#### SUPPLIED RECORDS:
....
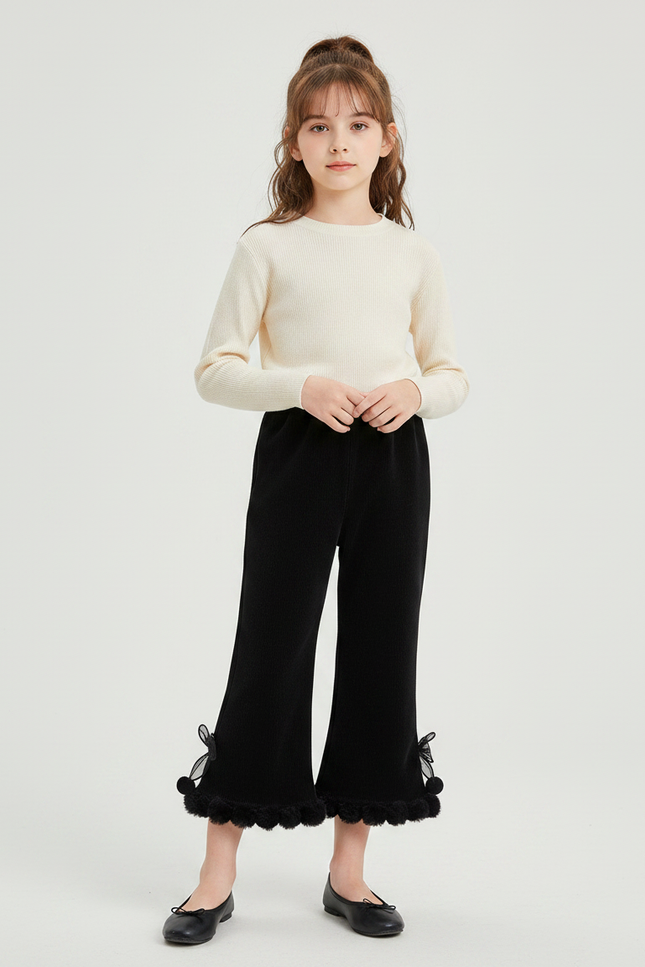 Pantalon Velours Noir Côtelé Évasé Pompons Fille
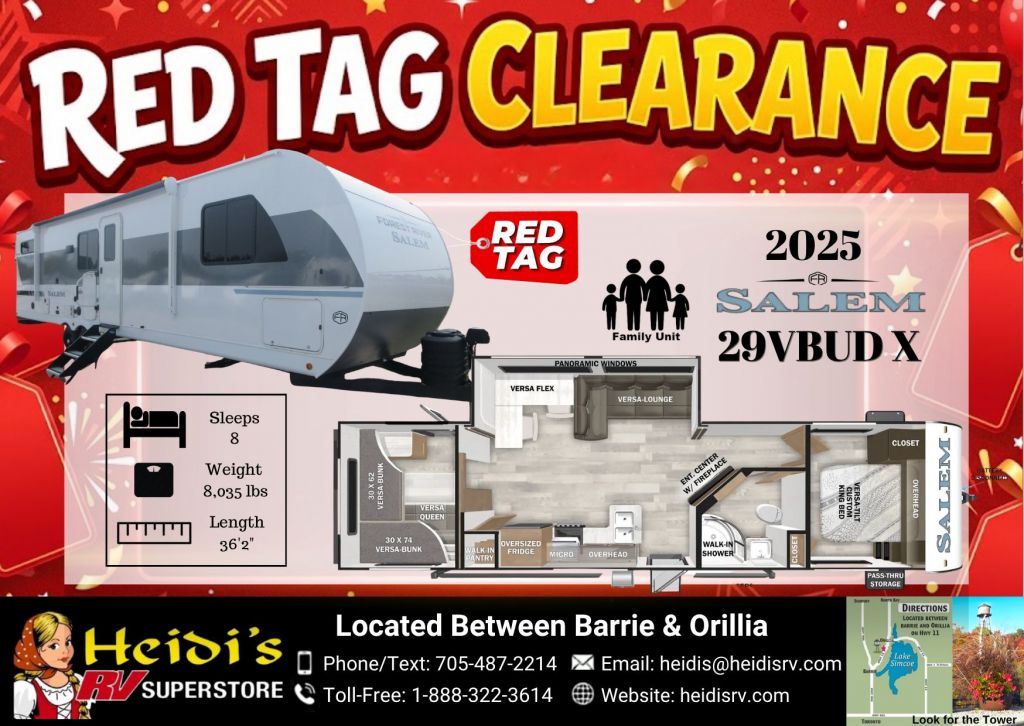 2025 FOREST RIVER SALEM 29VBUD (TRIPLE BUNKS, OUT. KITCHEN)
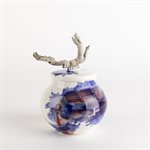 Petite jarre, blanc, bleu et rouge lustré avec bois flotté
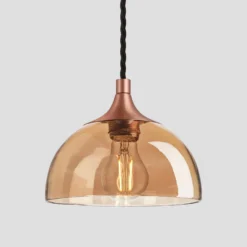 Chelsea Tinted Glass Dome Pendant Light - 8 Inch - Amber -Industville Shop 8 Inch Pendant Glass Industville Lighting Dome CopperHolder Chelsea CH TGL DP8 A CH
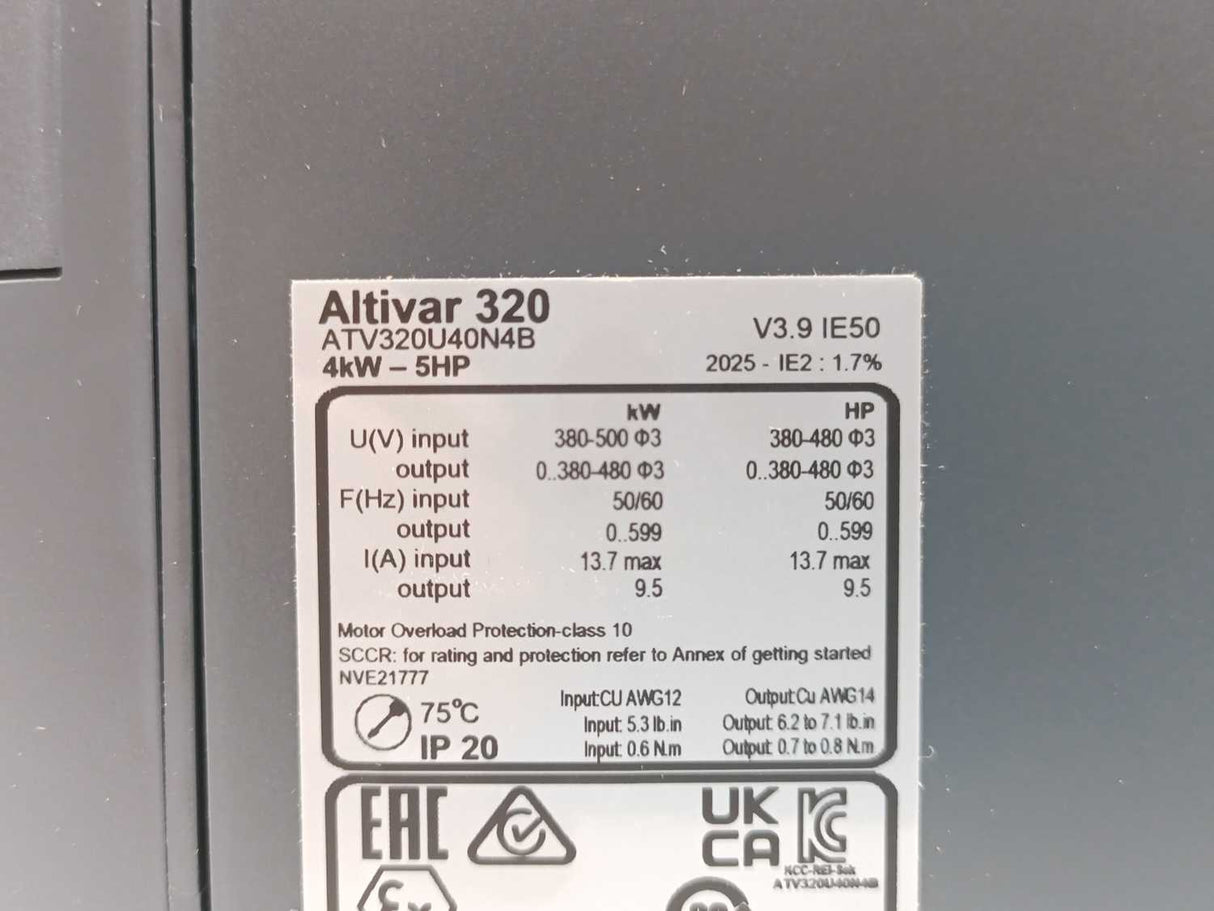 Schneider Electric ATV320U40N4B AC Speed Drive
....
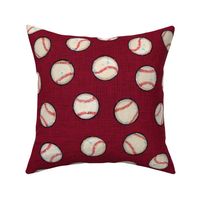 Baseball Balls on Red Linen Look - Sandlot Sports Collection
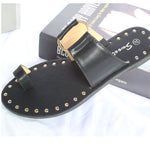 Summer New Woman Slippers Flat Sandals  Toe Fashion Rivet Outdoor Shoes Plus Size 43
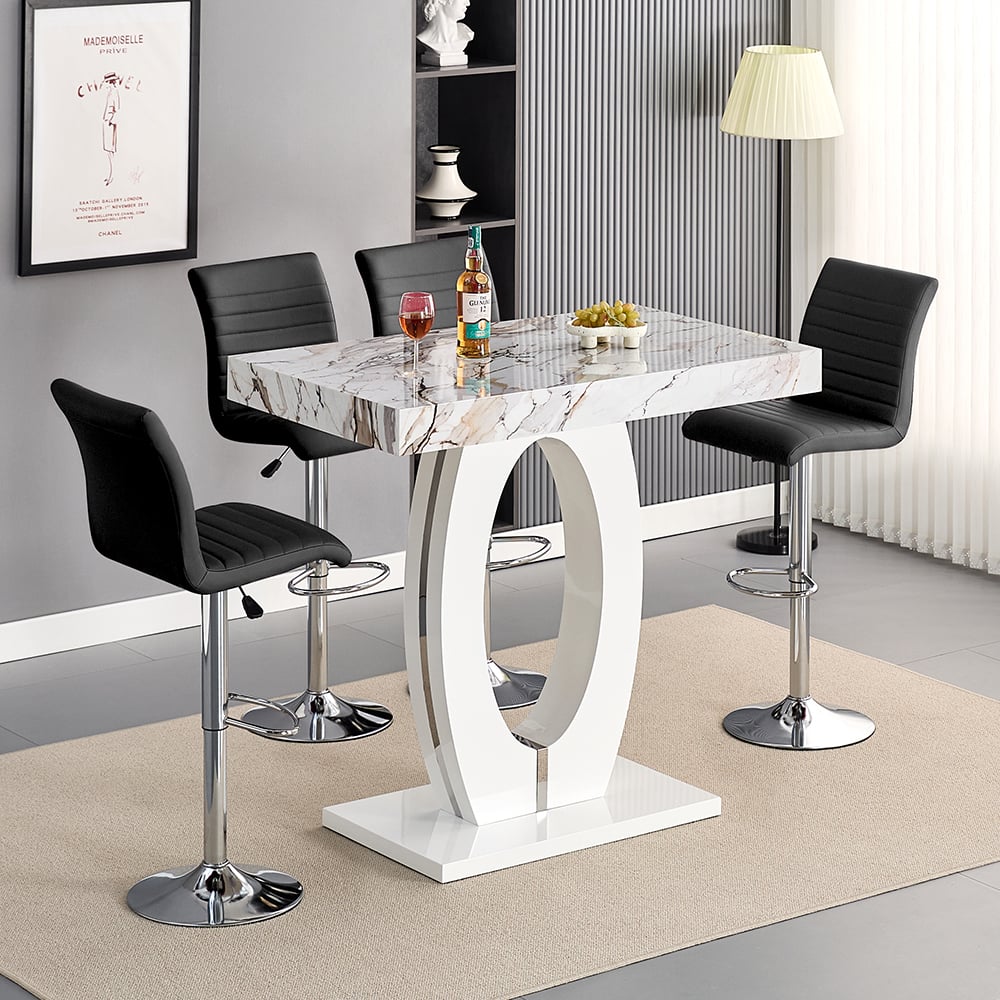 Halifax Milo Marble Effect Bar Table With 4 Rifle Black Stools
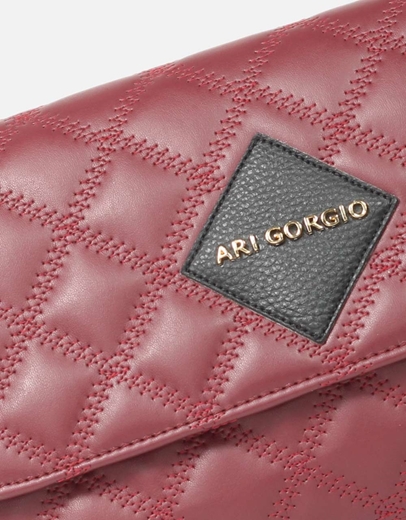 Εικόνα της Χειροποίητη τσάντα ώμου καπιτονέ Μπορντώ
....
Every line above from the one with "Pantalon Velours Noir" down to the one with "Schneider Electric ATV320U40N4B" must be written out exactly, and no picture may appear.

 Pantalon Velours Noir Côtelé Évasé Pompons Fille
 2025 FOREST RIVER SALEM 29VBUD (TRIPLE BUNKS, OUT. KITCHEN)
 Petite jarre, blanc, bleu et rouge lustré avec bois flotté
 Chelsea Tinted Glass Dome Pendant Light - 8 Inch - Amber -Industville Shop 8 Inch Pendant Glass Industville Lighting Dome CopperHolder Chelsea CH TGL DP8 A CH
 Schneider Electric ATV320U40N4B AC Speed Drive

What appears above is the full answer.